_DATASET SECTION:_
==*==
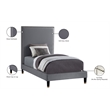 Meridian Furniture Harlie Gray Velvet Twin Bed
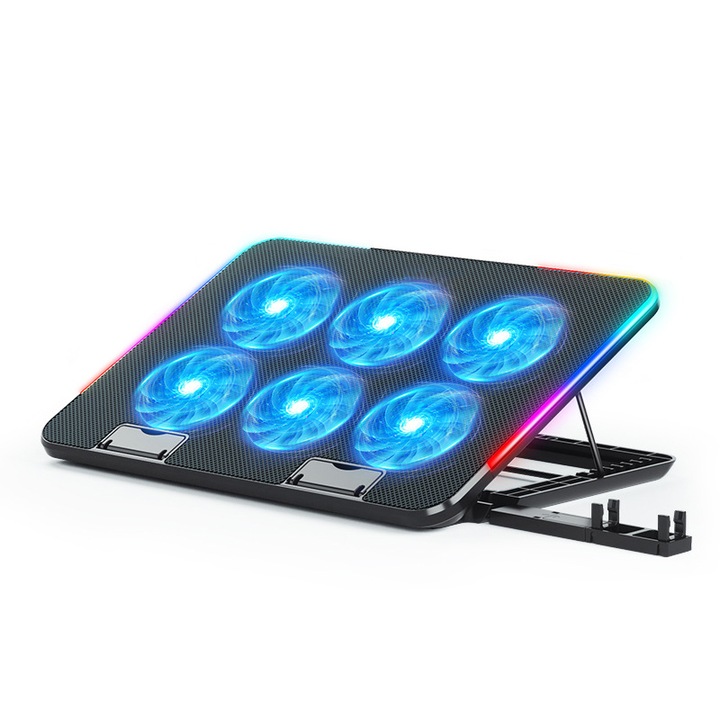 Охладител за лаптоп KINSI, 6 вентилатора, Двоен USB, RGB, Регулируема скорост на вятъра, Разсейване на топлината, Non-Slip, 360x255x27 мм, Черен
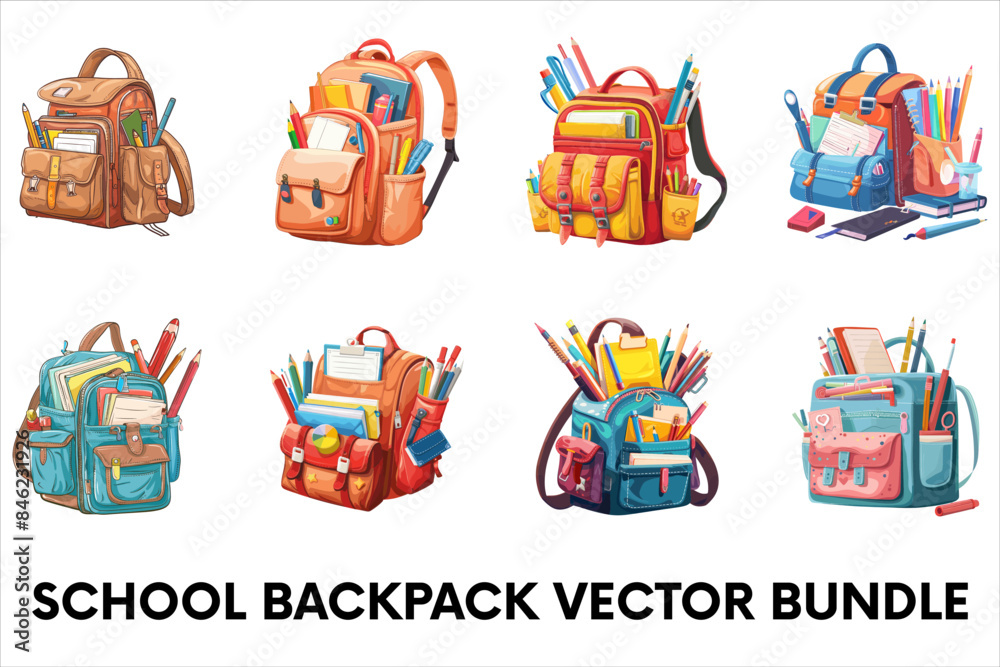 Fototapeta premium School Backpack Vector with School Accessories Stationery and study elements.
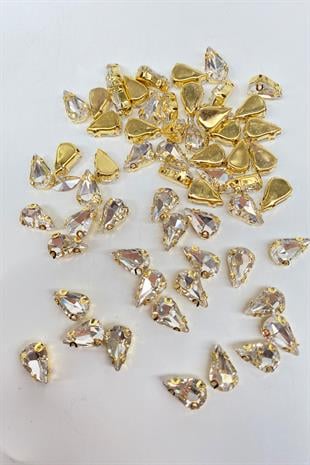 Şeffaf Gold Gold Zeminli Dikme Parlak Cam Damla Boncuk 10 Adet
==*==
What the answer needs is every line from the one containing "Охладител за лаптоп" through the final line of the data above, copied exactly, without pictures.

 Охладител за лаптоп KINSI, 6 вентилатора, Двоен USB, RGB, Регулируема скорост на вятъра, Разсейване на топлината, Non-Slip, 360x255x27 мм, Черен
 Fototapeta premium School Backpack Vector with School Accessories Stationery and study elements.
 Şeffaf Gold Gold Zeminli Dikme Parlak Cam Damla Boncuk 10 Adet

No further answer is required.